Carlo Bastasin spiega sul Sole24Ore perché la rinuncia alle attuali garanzie può essere un'opportunità, anche conveniente

Sul Sole24Oredi oggi, Carlo Bastasin spiega che una riforma del mercato del lavoro in Italia può essere giustificata dall’esperienza tedesca. Durante la crisi del 2008 la Germania si era trovata in difficoltà, ha completato alcune riforme e ora la disoccupazione è ai minimi degli ultimi trent’anni. Un esempio incoraggiante, che non è detto che possa ripetersi anche in Italia, ma che dimostra che la rinuncia alle garanzie può essere anche «materia di convenienza».

Come è noto, nei primi dieci anni dell’euro l’Italia ha perso circa il 30% di competitività rispetto alla Germania. Si tratta di un calcolo che normalmente viene fatto considerando il costo unitario del lavoro, la componente più importante nei paragoni internazionali. La divergenza tra i due paesi ha fatto pensare a due sistemi economici troppo diversi per tornare a convivere anche una volta che fosse finita la fase più acuta della crisi dell’euro area. Tuttavia, se si calcola la competitività di Italia e Germania come la differenza nei prezzi finali a cui le merci e i servizi sono stati venduti dai due paesi sui mercati internazionali, la differenza è stata minima, di solo pochi punti percentuali. E in fondo è quello che ci dice la bilancia con l’estero dell’Italia che registra un passivo tuttaltro che irrimediabile.

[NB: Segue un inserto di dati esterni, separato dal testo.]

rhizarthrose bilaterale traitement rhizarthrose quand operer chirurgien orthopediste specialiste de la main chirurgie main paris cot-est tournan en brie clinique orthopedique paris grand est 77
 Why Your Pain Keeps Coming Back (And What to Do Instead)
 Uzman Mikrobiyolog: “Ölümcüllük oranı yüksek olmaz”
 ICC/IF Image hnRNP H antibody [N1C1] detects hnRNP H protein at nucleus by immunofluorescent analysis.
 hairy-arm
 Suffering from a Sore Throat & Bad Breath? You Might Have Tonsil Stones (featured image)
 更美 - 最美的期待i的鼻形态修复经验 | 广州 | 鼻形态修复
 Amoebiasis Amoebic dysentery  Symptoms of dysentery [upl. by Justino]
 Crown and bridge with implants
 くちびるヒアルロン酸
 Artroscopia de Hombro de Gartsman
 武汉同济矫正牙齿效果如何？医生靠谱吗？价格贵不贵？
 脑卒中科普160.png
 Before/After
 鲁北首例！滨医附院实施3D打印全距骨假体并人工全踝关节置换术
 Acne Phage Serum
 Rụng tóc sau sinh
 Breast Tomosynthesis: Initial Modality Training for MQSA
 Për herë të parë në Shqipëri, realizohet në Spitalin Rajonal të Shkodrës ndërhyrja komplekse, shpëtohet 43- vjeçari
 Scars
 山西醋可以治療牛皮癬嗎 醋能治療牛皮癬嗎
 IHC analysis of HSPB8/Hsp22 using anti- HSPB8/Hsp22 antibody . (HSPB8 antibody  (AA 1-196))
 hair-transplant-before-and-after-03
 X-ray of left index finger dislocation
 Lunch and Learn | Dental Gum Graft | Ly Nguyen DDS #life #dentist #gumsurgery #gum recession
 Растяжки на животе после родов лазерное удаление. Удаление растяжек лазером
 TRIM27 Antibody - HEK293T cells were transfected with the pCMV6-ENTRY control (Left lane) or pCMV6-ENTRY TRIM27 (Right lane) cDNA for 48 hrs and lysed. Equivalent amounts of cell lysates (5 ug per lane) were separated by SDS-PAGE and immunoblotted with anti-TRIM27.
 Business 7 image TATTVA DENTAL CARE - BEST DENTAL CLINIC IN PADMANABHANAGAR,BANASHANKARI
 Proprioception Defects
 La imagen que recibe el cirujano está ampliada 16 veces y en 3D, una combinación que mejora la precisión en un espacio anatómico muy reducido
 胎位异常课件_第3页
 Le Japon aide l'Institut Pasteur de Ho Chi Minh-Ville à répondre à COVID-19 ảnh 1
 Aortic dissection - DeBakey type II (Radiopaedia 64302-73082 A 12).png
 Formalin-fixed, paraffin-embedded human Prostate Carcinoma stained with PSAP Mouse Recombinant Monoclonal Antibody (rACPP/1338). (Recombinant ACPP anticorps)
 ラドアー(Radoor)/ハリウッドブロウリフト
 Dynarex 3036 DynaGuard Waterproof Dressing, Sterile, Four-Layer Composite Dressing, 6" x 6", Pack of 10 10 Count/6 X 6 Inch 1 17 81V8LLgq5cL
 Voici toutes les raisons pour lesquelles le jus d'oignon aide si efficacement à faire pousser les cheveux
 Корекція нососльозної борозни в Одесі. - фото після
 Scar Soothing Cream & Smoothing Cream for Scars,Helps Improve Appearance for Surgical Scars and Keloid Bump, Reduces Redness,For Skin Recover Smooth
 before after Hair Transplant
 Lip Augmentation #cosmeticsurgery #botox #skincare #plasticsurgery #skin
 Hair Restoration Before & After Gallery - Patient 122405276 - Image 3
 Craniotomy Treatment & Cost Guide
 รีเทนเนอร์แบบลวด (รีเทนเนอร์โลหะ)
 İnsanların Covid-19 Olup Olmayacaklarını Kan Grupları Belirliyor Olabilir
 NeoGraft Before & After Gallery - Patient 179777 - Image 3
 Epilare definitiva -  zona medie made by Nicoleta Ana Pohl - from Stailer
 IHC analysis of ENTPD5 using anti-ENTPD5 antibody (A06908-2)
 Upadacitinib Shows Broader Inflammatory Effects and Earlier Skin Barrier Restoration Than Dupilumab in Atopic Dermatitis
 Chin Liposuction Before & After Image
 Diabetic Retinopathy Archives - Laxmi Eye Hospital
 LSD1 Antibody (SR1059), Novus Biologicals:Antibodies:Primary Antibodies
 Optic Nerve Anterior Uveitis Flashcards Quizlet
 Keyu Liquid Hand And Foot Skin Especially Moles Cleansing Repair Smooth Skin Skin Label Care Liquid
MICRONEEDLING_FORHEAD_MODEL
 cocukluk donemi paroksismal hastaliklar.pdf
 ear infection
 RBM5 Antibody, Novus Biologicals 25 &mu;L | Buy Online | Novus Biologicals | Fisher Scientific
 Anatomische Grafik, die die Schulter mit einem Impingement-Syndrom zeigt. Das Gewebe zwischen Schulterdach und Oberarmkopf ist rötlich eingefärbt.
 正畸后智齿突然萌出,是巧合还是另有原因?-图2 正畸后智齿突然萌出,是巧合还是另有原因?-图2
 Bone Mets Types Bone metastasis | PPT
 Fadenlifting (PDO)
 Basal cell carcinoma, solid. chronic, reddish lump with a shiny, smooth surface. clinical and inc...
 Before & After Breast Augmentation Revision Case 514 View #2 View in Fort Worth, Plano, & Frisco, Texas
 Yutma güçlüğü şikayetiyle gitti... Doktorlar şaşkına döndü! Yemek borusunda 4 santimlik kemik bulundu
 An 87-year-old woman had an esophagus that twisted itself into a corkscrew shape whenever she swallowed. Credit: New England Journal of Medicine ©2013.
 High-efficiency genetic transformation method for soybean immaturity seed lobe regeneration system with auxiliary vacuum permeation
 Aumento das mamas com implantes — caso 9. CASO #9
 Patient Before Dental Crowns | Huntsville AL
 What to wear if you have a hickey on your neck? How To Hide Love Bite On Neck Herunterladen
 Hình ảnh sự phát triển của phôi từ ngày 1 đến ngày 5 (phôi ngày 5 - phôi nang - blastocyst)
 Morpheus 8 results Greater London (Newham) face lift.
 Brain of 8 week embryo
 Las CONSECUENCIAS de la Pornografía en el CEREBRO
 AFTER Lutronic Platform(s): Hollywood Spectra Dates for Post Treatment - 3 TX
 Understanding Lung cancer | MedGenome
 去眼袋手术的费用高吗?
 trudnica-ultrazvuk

Quello che è successo in Italia è che il mantenimento di salari rigidi ed elevati per una fascia di lavoratori è stato pagato dalla fascia meno protetta, spesso immigrati, giovani, donne e lavoratori in nero.
La differenza tra flessibilità e precarietà si è rivelata nell’incapacità dell’economia italiana di riprendersi nel 2009-2011 e di recuperare il livello di attività precedente. A lungo andare infatti la coesistenza di due sistemi – uno rigido e uno totalmente precario – si rompe. Quando il settore precario viene cancellato da una crisi, l’economia diventa così debole che anche il settore protetto finisce per non essere più sostenibile.
L’esempio tedesco è speculare. Dopo una lunga serie di riforme, alla fine del 2008 la crisi è stata affrontata introducendo sistemi di impiego a part time dei lavori regolari. La forza lavoro è rimasta in attività fino a quando, dopo meno di sei mesi, non è stato possibile riprendere i normali cicli produttivi. Una riforma del mercato del lavoro in Italia sembra quindi giustificata dall’esperienza tedesca. Ma un dubbio è legittimo: sarà una rincorsa senza fine verso il basso? bisognerà continuare a ridurre i salari e le garanzie per rincorrere i terribili tedeschi?